O museu está localizado no histórico bairro judeu do centro de Amsterdão e lembra o lugar que, antes da guerra e da ocupação nazi, era o lar de cerca de 140 mil judeus, principalmente nesta cidade holandesa. 102 mil dessas pessoas foram mortas no Holocausto. Isto é, cerca de 75% da população judaica. Só 25% dos judeus da Holanda sobreviveram ao genocídio ou assassinato em massa que, no total, matou mais de seis milhões de pessoas.
A inauguração deste museu, 80 anos depois da Segunda Guerra Mundial (1939-1945), surge num contexto de aumento do anti-semitismo no país.
A inauguração viu-se abalada por várias manifestações pró-Palestina que denunciavam a presença do presidente israelita, Isaac Herzog, que assistiu ao evento. Cerca de 200 mesquitas no país pediram ao rei dos Países Baixos, Guilherme Alexandre, para que não recebesse o chefe de Estado israelita, actualizando o estado de guerra que acontece na faixa de Gaza, desde que Israel iniciou a ofensiva militar no território, com bombardeios aéreos após o ataque do Hamas, em 7 de Outubro de 2023.

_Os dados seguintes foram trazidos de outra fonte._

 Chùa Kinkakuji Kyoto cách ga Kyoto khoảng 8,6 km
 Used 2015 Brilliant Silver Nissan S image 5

Das muitas adaptações da obra de Anne Frank, que se fizeram para a rádio, para a televisão, para banda desenhada (BD) e para teatro, lembro, com particular emoção, aquela que vi no cinema, designadamente, a versão cinematográfica de 1959, realizada por George Stevens, com guião de Frances Goodrich e Albert Hackett2, baseado em sua peça teatral “The Diary of Anne Frank”, por sua vez, inspirada no livro homónimo.
Uma versão desta peça teatral foi apresentada na minha remota cidade natal (Concepción), nos anos 60, mas não tive a oportunidade de a ver. No entanto, os meus pais sempre recordavam esse momento teatral inspirador, pois, na nossa cidade, havia muitos cidadãos de origem judaica, que se haviam refugiado no Chile e eram nossos vizinhos e amigos.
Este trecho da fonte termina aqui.